Migration From Platform Computing's Load Sharing Facility to Sun N1 Grid Engine Software

Kirk Patton (Transmeta) and Omar Hassaine (Sun Microsystems), June, 2005


Abstract

This paper presents a case study covering Transmeta's migration process from Platform Computing's Load Sharing Facility (LSF 4.0.1) to Sun N1 Grid Engine 6 software (N1GE6). Transmeta initially started experimenting with the open source version of Grid Engine (SGE5.3.x) for a period of time and subsequently decided to upgrade to the latest Sun N1GE6 product.

This study covers the following stages of this significant project:

  • Compare the feature set of the two competing products
  • Retool the general job submission and work flow
  • Re-engineer the queue configuration
  • Configure the scheduling policies
  • Implement additional customizations such as:
    • License proxy
    • Job status script
    • Queue customizations

1. Introduction (by Kirk Patton)

I joined Transmeta in the first half of 2002. As part of my responsibilities, I inherited the day-to-day administration and maintenance of the LSF cluster and soon began a project to streamline and simplify the job workflow.

I worked with Omar Hassaine, Grid engineer at Sun, to replace LSF with a Sun N1GE6 system.

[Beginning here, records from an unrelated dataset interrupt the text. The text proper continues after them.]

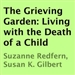 The Grieving Garden: Living with the Death of a Child
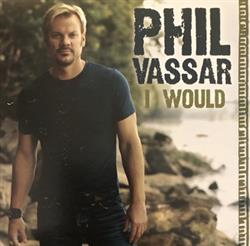 descargar álbum Phil Vassar - I Would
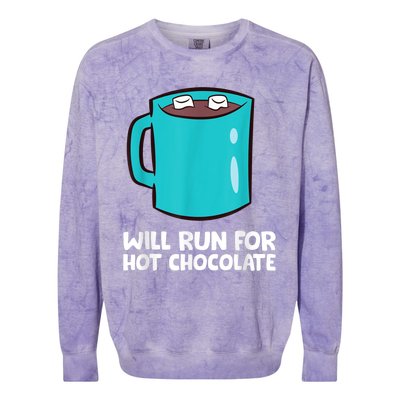 Funny Hot Chocolate Lover Will Run For Hot Chocolate Colorblast Crewneck Sweatshirt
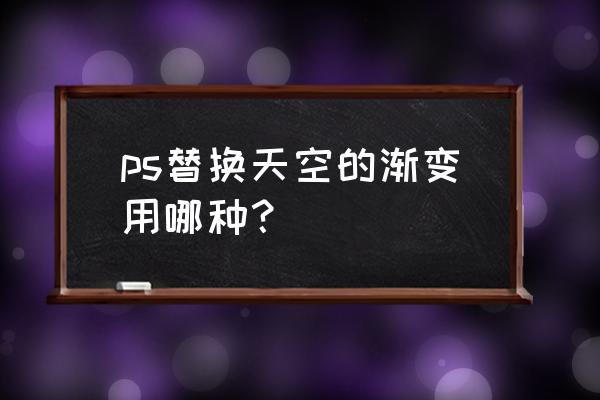 ps软件换天空背景教程 ps替换天空的渐变用哪种？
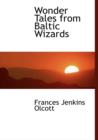 Wonder Tales from Baltic Wizards - Book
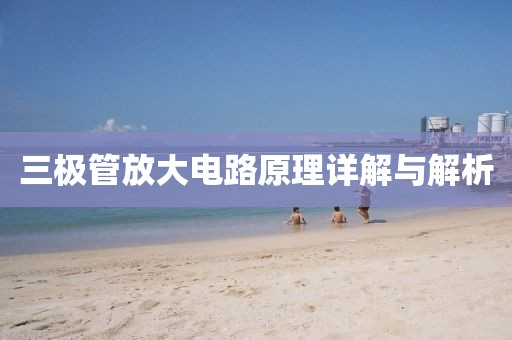 三极管放大电路原理详解与解析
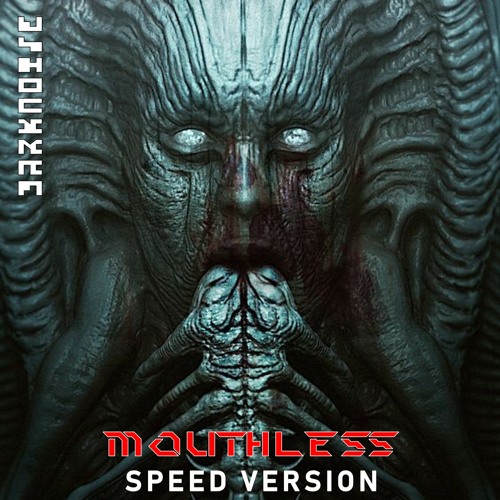 Mouthless (Speed Version)- DARKNOISE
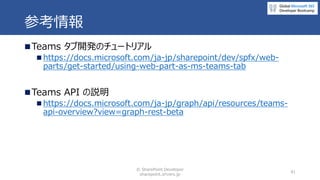 参考情報
◼Teams タブ開発のチュートリアル
◼ https://docs.microsoft.com/ja-jp/sharepoint/dev/spfx/web-
parts/get-started/using-web-part-as-m...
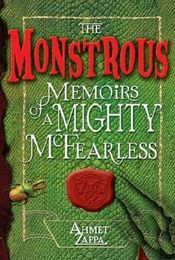 Poster The Monstrous Memoirs of a Mighty McFearless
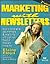 Marketing With Newsletters: How to Boost Sales, Add Members & Raise Funds With a Printed, Faxed or Web-Site Newsletter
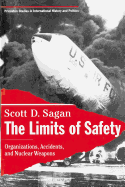 The Limits of Safety: Organizations, Accidents, and Nuclear Weapons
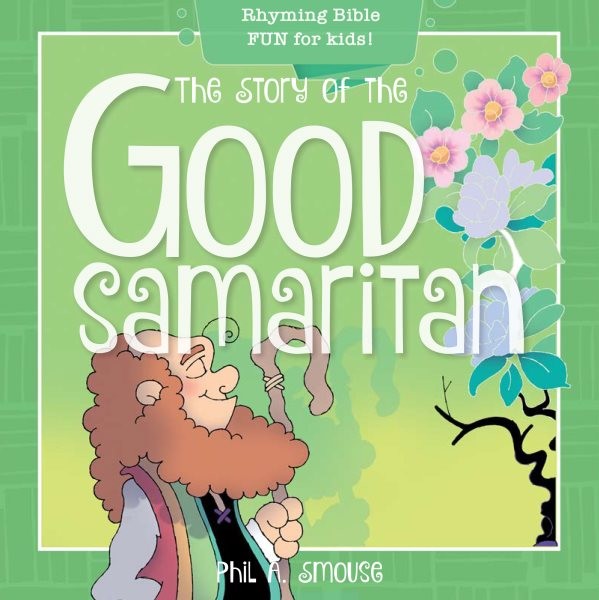 Story of the Good Samaritan: Rhyming Bible Fun for Kids!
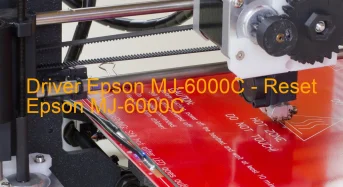 Epson MJ-6000Cのドライバーのダウンロード,Epson MJ-6000C のリセットソフトウェアのダウンロード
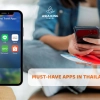 Must-Have Apps in Thailand for an Amazing Trip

The cluster environment consisted of approximately 72 users and 524 processors running Red Hat Linux. The jobs submitted to the cluster were a diverse mixture of in-house tools and third-party applications such as FinSim, HDLScore, Arcadia, Simplex, and so on.

The cluster had grown over the years with an ever-increasing number of queues. Queues were added as new projects were started and to satisfy user requests for a simple means to submit jobs to a Distributed Resource Manager (DRM). The number of queues reached more than 80 by the time the migration to SGE had begun.

The majority of the queues were set up because not all users fully understood which submission options were appropriate to route their jobs. Many users simply did not want to learn the job submission semantics.

Queues were added with the appropriate job options needed to route jobs, hard-wired into the queue definition.

Since nearly all of the queue-level job routing options could be specified at job submission time, it was apparent that the many batch queues could be eliminated by wrapping the native submission program with a script.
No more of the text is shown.